Dans la vie d’un journaliste, il y a des rencontres qui vous marquent. En novembre 1974, j’ai interviewé à Genève, l’ancien premier ministre d’Israël, Golda Meir, que ses compatriotes avaient surnommé “la grand-mère d’Israël”. C’est toujours impressionnant de se trouver face à une personnalité qui a marqué l’histoire de son pays et du monde. Golda Meir, la “dame de fer”, avait dû quitter le pouvoir un an plutôt, après la guerre du Kippour. Israël avait gagné la guerre, mais avait perdu 2500 hommes et avait dû accepter la présence des Palestiniens à la conférence de Genève, qui avait abouti à un accord avec les États arabes. Pour Golda Meir, c’était un échec personnel et un désaveu de toute sa carrière politique.

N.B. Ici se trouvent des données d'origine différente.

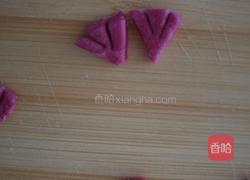 小企鹅的做法图解10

Cette retraitée de l’histoire était à Genève pour présider un dîner en son honneur. Cent dix très riches personnalités juives avaient payé 100 000 $ le couvert au profit d’Israël. Elle avait accepté une interview pour la télévision suisse, dans le palace où elle était descendue. L’interview avait commencé comme un mauvais polar. Dans le hall étrangement désert de l’hôtel, trois messieurs étaient occupés à lire un journal. Quand nous sommes entrés, ils s’étaient levés d’un bond. Ils étaient chargés de la sécurité de l’ancienne première ministre, le premier pour la police fédérale suisse, le deuxième, pour la sûreté genevoise et le troisième était un garde du corps de Golda Meir. Dans l’ascenseur, d’autres agents de sécurité. Dans le couloir menant à sa suite, un “gorille” tous les dix mètres ! Dans le salon, son garde du corps personnel ne me quittait pas des yeux. Pendant que le cameraman et le preneur de son installaient leur matériel, il scrutait nos visages et nos mains de ce regard professionnel que j’avais remarqué.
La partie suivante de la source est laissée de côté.